The tumor complexity significantly increased from G1 to G3. We achieved lower WIT and less high-grade complication (Clavien ≥ 3) from G1 to G2, and the trend continued even with transition to RPN. PSM was consistently low throughout the transition. Renal functional outcomes always showed a significant positive trend, and with RPN, we achieved improved recovery of renal function (44 vs 57 vs 82 %, p < 0.05). The overall 'trifecta' rates increased significantly from G1 to G2 and reached 81.8 % in RPN (48 vs 75.6 vs 81 %, p < 0.01). Multivariate analysis has shown that the use of robot has significant effect on achieving overall trifecta. The limitations of the study are being retrospective and non-randomized, and the trifecta definitions were not externally validated.
Our transition to RPN was essentially a continuation of our previous LPN experience as we continue to achieve higher 'trifecta' rates inspite of increasing tumor complexity.
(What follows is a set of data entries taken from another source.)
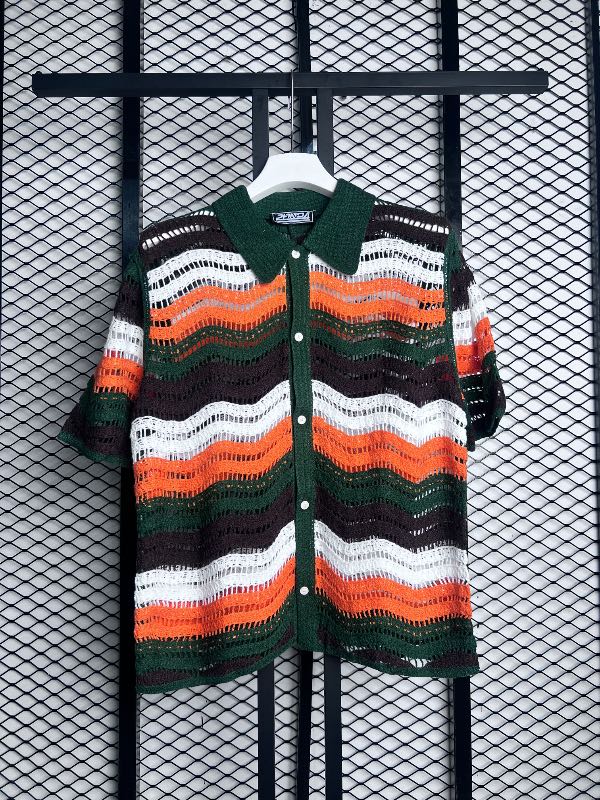Golf t-shirt green ST0160
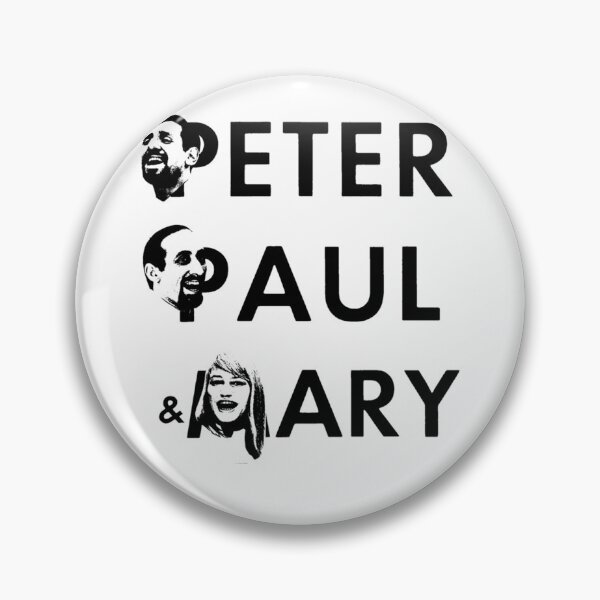 Item preview, Pe.ter Pa.ul and M.ary  designed and sold by NaomiWilkii.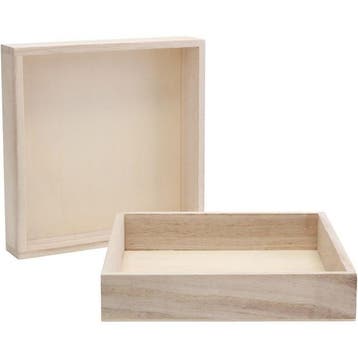 Creativ Company houten frame schild van €32,99 voor €16,49, Ophalen of Verzenden, Nieuw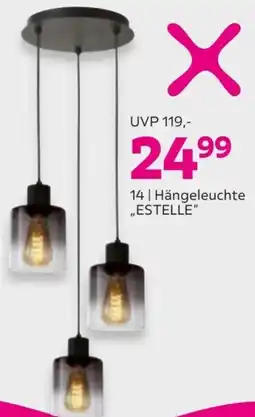 Mömax Hängeleuchte "ESTELLE" Angebot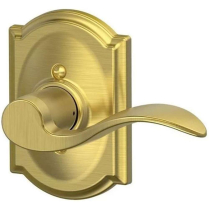 Schlage F-Series F170 ACC 608 CAM RH w/ Camelot Rosette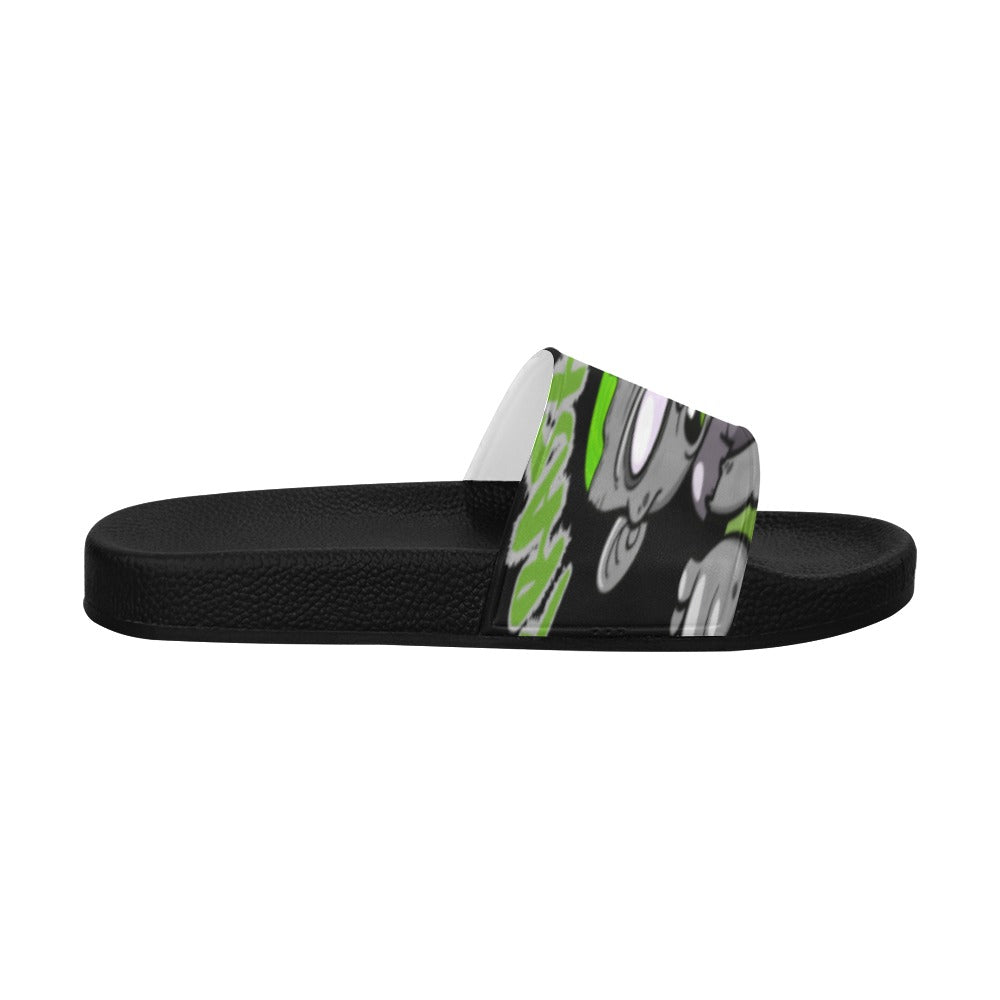 Trash Baby (12) Women's Slide Sandals(Model 057)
在我们机构中,以“三连胜”结果作为疗效替代指标,评估从腹腔镜部分肾切除术(LPN)向机器人辅助部分肾切除术(RPN)的转变。
我们在2000年至2014年期间前瞻性维护的肾部分切除术数据库中识别出347例患者(LPN = 303例,RPN = 44例)。患者按时间顺序分为G1组(前151例LPN病例)、G2组(随后的152例LPN病例)和G3组(所有RPN患者)。“三连胜”结果定义为热缺血时间(WIT)≤25分钟、无手术切缘阳性(PSM)且并发症≤Clavien 2级。采用多变量逻辑模型分析“三连胜”结果的预测因素。
从G1组到G3组,肿瘤复杂性显著增加。从G1组到G2组,我们实现了更低的WIT和更少的高级别并发症(Clavien≥3级),即使向RPN转变,这一趋势仍在持续。在整个转变过程中,PSM一直很低。肾功能结果始终呈现显著的正向趋势,采用RPN时,我们实现了肾功能的更好恢复(44%对57%对82%,p<0.05)。总体“三连胜”率从G1组到G2组显著增加,在RPN组达到81.8%(48%对75.6%对81%,p<0.01)。多变量分析表明,使用机器人对实现总体“三连胜”有显著影响。本研究的局限性在于为回顾性且非随机,并且“三连胜”定义未经过外部验证。
我们向RPN的转变本质上是我们先前LPN经验的延续,尽管肿瘤复杂性增加,但我们仍继续实现更高的“三连胜”率。